Remember the old saying "If it wasn't for bad luck, I'd have no luck at all"? That was coined to describe the average Vance turkey season.
I won't say that I have bad luck turkey hunting, but consider this: in the past three seasons other hunters have shot more birds that I was calling than I have.
My shotgun shells have tarnish on them that brass cleaner couldn't touch. It is the tarnish of utter defeat. You can't swab that off with chemicals. It goes right to the soul of those No. 6 turkey loads. They are ashamed to be seen with me.
There is no logical reason I don't kill turkeys, other than a curse laid on an Irish ancestor in the prehistoric days. I am not superstitious-knock on wood-but I won't discount the possibility that some Hibernian witch got ticked off at my grandfather 100 times removed and I suffer the results.
St. Louisan T.S. Eliot once wrote, "Let me count the days..." So here they are:
Four days of hunting doesn't seem like a long time if you are the featured guest at a hanging or trying to scrape together enough money to pay your taxes, but in the turkey woods it's a lifetime.
First day: High hopes, that eternal optimism that leads me to believe that I will drop a gobbler slightly larger than a Cape buffalo five minutes after sunrise.

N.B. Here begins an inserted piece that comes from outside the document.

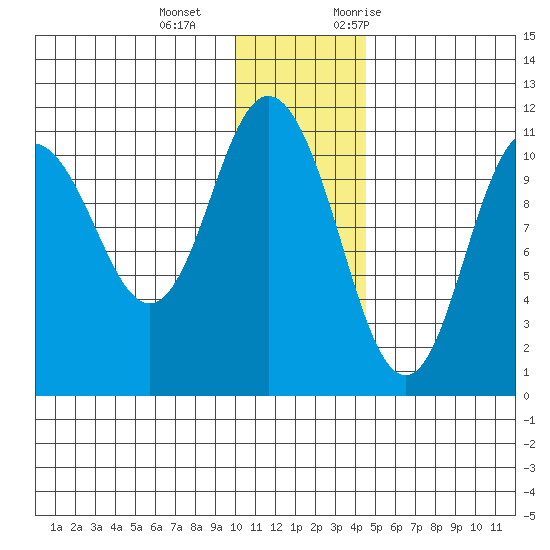 Katmai Bay tide chart for Wednesday, December 15, 2021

I bound from bed at 4 a.m., two hours before first light. This gives me time to throw on my clothing, drive gravel roads like James Bond running from bad guys, jog 1.5 miles over uneven ground through sprout thickets laced with thorns so I can find a lumpy spot under a cedar tree that leaks itchy needles down my neck and then wait in the dark for more than an hour.
I know that a gobbler is roosted 60 yards from my clever hide. This gobbler will come to my call like Teddy Roosevelt going up San Juan Hill, and I'll have to shoot in self defense.
I am determined to stay in the woods until the last tick of the clock. I will outwait them. I have an orange and a pocketful of breakfast bars that taste (as I try one) like something rescued from the dog's dish. But they stop the stomach rumbling that threatens to become louder than my plaintive love starved hen calls.
My love-starved hen is becoming increasingly petulant as no one answers. It's as if Michelle Pfeiffer walked into an Army barracks and asked if anyone were interested in a date and they all said "Naah, we'd rather spit-shine our boots."
A great horned owl drifts across the field ahead of me, and meadow mice cower as if the Angel of Death were close by which, for them, it is.
A stately squadron of five great blue herons floats past, flying as precisely as the Navy's Blue Angel aerobatics team. But no turkeys.
Ten o'clock comes and goes, then 11 o'clock comes and I go. I feel like Joe Dimaggio practiced his swing on my lower back for the legendary 56-game hitting streak. I go home and vow that tomorrow will be different.
Day Two is different; it is worse. I took a 2-mile hike listening for throbbing gobblers on opening day. Today it's three miles, and most of it is uphill. It is an axiom of hunting that if you're tired, the vehicle will be uphill for the last mile, even if you parked it in the Grand Canyon.
I jump two deer and one stops to look at me as if it can't believe its eyes. This tottering wreck is a hunter? I am walking hunched over because my back feels as if someone is playing "Dem Bones" on my vertebra, using a jackhammer.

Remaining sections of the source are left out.